What you should do: Look through the records below for the line holding "Sticker Younes Belhanda". Write it out exactly, with each following line through the line holding "Generative AI Beautiful".

Supplied data:
=== Begin Enclosure ===

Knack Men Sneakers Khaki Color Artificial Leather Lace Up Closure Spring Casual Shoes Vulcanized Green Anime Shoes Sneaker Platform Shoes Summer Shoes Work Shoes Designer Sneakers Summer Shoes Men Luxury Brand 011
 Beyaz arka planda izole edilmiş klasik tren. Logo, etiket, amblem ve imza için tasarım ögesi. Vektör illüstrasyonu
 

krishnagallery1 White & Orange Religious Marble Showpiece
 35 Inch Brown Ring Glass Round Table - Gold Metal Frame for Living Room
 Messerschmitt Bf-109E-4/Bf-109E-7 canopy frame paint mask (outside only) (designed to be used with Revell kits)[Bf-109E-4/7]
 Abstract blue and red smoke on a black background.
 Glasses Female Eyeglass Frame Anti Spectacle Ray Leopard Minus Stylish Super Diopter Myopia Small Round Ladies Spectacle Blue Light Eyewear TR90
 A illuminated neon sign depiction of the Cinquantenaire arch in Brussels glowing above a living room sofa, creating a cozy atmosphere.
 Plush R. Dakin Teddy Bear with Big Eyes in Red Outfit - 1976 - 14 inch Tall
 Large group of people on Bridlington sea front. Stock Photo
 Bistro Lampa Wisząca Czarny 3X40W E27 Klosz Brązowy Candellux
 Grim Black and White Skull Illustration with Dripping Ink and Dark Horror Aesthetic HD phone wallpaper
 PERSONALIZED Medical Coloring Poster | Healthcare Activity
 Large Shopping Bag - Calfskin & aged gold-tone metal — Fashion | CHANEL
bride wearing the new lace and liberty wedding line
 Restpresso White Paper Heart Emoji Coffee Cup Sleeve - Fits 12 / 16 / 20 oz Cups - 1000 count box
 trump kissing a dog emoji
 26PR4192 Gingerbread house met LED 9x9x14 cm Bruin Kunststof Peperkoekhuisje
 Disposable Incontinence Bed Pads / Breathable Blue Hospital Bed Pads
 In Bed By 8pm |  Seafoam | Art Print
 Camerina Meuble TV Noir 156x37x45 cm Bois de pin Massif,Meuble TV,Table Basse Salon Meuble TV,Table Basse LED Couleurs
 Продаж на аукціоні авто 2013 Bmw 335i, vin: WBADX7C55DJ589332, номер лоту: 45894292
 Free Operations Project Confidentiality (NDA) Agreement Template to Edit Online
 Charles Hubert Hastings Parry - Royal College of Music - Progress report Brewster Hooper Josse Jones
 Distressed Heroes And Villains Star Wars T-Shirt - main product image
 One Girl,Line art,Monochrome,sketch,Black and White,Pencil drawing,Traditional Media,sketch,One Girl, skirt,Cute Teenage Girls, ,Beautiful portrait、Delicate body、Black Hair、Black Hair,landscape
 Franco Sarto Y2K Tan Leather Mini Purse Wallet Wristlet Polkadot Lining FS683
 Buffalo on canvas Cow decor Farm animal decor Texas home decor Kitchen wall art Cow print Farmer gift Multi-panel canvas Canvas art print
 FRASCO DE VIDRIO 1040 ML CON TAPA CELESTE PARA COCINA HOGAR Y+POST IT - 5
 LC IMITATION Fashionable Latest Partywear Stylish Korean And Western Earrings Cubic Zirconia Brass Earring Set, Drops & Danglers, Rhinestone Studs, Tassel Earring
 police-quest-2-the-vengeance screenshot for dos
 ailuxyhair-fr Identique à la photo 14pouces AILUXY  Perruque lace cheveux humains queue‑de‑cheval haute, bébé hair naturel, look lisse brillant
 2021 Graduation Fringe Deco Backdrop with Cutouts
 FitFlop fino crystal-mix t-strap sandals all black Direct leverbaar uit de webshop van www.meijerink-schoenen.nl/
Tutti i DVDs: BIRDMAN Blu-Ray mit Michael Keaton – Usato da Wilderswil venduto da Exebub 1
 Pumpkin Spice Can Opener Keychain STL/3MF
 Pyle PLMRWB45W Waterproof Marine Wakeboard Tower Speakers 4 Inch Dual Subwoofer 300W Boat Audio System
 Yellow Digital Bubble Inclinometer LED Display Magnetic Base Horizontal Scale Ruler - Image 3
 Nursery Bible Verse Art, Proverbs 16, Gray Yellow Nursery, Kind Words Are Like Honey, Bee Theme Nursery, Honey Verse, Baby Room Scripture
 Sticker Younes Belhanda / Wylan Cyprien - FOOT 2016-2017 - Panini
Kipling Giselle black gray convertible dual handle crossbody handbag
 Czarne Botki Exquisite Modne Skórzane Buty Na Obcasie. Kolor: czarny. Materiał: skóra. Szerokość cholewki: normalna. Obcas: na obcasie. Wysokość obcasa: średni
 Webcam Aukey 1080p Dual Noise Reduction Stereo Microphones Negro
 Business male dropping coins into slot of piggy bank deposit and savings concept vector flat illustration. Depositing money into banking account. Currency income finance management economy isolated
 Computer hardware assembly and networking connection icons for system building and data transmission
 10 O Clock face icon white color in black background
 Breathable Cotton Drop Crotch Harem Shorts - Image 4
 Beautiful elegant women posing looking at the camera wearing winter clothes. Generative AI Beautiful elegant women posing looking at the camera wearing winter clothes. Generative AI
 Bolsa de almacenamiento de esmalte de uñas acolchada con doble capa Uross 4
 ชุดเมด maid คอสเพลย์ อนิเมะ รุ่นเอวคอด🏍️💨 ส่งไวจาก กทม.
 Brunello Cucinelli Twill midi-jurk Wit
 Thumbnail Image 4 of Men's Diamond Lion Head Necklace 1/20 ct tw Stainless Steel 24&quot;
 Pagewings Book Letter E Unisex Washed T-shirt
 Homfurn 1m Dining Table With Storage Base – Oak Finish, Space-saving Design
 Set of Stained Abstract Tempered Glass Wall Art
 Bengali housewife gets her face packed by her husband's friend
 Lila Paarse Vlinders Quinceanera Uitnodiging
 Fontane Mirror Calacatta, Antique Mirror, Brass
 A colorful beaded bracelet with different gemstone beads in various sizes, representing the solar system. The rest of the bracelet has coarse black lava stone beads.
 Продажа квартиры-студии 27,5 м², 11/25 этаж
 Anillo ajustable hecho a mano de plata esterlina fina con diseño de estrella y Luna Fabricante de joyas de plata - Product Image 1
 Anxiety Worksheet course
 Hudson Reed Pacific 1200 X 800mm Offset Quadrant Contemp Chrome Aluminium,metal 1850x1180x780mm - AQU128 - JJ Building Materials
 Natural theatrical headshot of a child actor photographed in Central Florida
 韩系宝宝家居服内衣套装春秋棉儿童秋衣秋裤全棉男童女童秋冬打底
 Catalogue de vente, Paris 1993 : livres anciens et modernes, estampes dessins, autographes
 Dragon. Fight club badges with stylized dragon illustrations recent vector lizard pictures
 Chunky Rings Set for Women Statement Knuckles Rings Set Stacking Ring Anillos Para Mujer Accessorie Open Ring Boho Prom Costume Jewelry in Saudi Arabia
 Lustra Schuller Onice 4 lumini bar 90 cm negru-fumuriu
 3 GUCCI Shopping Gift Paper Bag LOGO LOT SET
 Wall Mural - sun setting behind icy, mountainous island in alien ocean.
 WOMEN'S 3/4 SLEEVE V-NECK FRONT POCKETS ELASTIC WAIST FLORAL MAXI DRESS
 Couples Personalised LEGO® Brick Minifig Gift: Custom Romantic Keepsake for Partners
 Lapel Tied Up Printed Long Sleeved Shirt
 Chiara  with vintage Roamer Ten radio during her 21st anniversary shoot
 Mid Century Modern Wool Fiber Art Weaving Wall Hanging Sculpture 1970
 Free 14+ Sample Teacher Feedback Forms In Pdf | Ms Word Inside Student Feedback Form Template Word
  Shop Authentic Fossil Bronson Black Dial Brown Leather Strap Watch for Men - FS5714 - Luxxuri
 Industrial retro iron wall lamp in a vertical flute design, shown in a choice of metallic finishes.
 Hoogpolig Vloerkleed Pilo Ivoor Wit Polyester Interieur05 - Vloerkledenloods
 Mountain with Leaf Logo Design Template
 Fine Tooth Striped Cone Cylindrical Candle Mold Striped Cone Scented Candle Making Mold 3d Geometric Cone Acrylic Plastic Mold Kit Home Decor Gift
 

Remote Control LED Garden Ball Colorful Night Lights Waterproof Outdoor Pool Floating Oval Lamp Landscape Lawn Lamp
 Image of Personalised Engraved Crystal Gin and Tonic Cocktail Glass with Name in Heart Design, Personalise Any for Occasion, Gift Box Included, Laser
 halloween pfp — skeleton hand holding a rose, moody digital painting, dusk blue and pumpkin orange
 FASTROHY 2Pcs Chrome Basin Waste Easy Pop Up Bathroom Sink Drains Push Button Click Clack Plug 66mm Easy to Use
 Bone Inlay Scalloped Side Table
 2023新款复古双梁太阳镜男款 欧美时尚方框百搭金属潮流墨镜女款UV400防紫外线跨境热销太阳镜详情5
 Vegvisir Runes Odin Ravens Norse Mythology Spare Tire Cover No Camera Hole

=== End Enclosure ===

Answer box:
 Sticker Younes Belhanda / Wylan Cyprien - FOOT 2016-2017 - Panini
Kipling Giselle black gray convertible dual handle crossbody handbag
 Czarne Botki Exquisite Modne Skórzane Buty Na Obcasie. Kolor: czarny. Materiał: skóra. Szerokość cholewki: normalna. Obcas: na obcasie. Wysokość obcasa: średni
 Webcam Aukey 1080p Dual Noise Reduction Stereo Microphones Negro
 Business male dropping coins into slot of piggy bank deposit and savings concept vector flat illustration. Depositing money into banking account. Currency income finance management economy isolated
 Computer hardware assembly and networking connection icons for system building and data transmission
 10 O Clock face icon white color in black background
 Breathable Cotton Drop Crotch Harem Shorts - Image 4
 Beautiful elegant women posing looking at the camera wearing winter clothes. Generative AI Beautiful elegant women posing looking at the camera wearing winter clothes. Generative AI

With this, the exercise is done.